The size of a tree is the number of values in the tree. What’s the relationship between the size of a tree and the size of its subtrees?

A leaf is a value with no subtrees. The leaves of the above tree are labeled E, F, G, J, and I. What’s the relationship between the number of leaves of a tree and the number of leaves of its subtrees?

The height of a tree is the length of the longest path from its root to one of its leaves, counting the number of values on the path. The height of the above tree is 4. What’s the relationship between the height of a tree and the heights of its subtrees?

The children of a value are all values directly connected underneath that value. The children of A are B, C, and D. Note that the number of children of a value is equal to the number of its subtrees, but that these two concepts are quite different. The descendants of a value are its children, the children of its children, etc. This can be defined recursively as “the descendants of a value are its children, and the descendants of its children.” What’s the relationship between the number of descendants of a value and the number of descendants of its children?

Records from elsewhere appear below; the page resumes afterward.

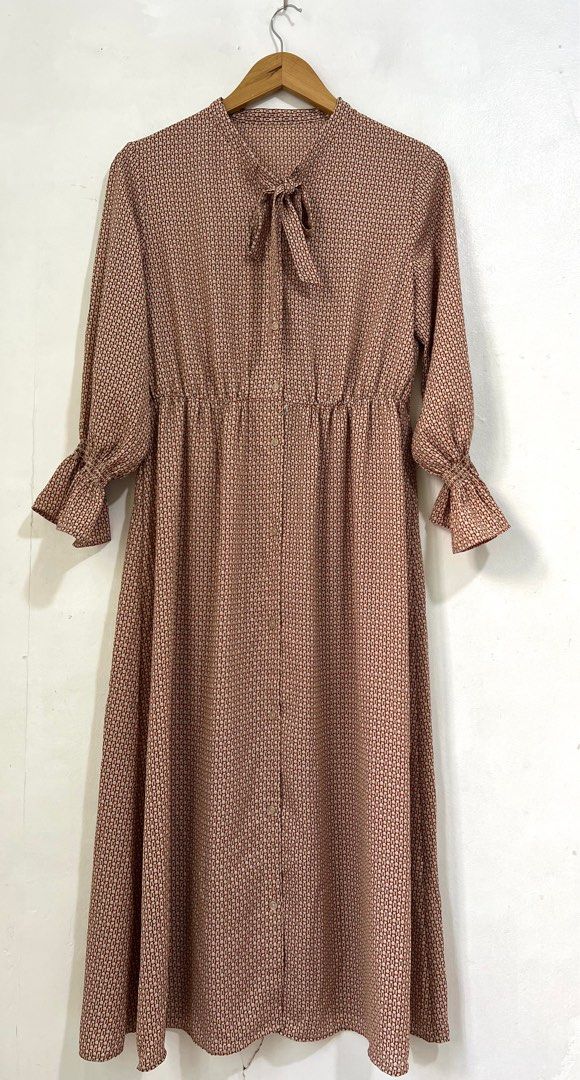 GU by UNIQLO mock dresd, Women's Fashion, Dresses & Sets, Dresses on  Carousell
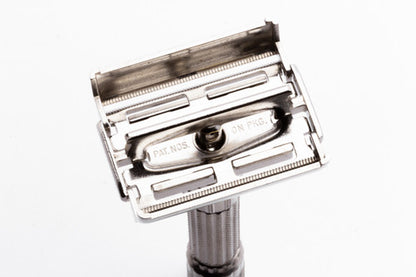 1958 Gillette Fatboy Adjustable Double Edge Razor Set D4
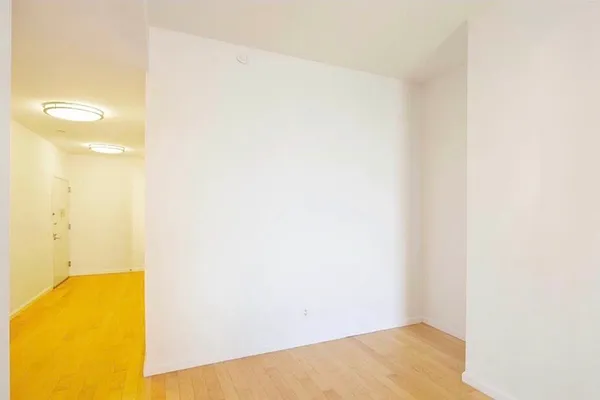 Rented by Level Group | media 2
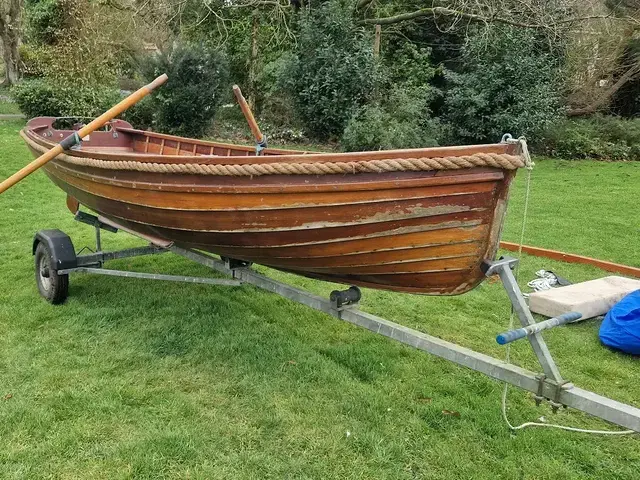 Classic Wootton Bridge Sailing Dinghy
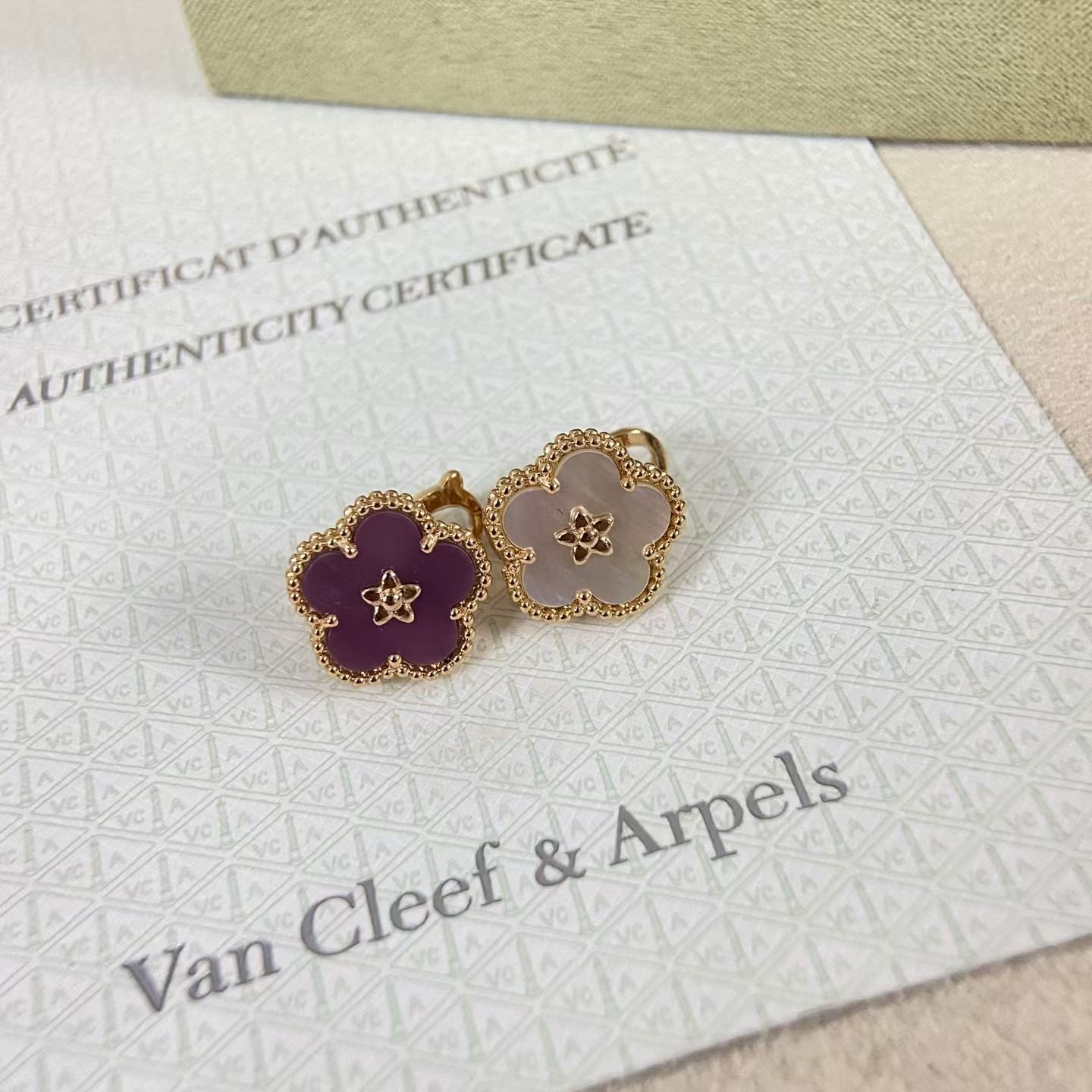 [Vicky]NEW PURPLE PLUM FRAGRANCE PLUM BLOSSOM GOLD EARRINGS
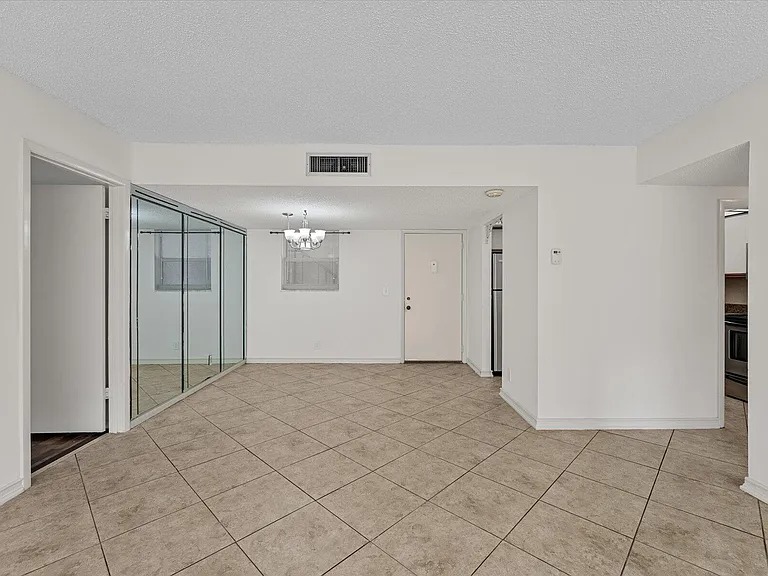 719 Lori Dr #204 — Photo 11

Similarly, the parent of a tree value is the value immediately above and connected to it; each value in a tree has exactly one parent, except the root, which has no parent. The ancestors of a value are its parent, the parent of its parent, etc. This too can be defined recursively: “the ancestors of a value are its parent, and the ancestors of its parent.”

Note: sometimes, it will be convenient to say that descendants/ancestors of a value include the value itself; we’ll make it explicit whether to include the node or not when it comes up. Note that a value is never a child of itself, nor a parent of itself.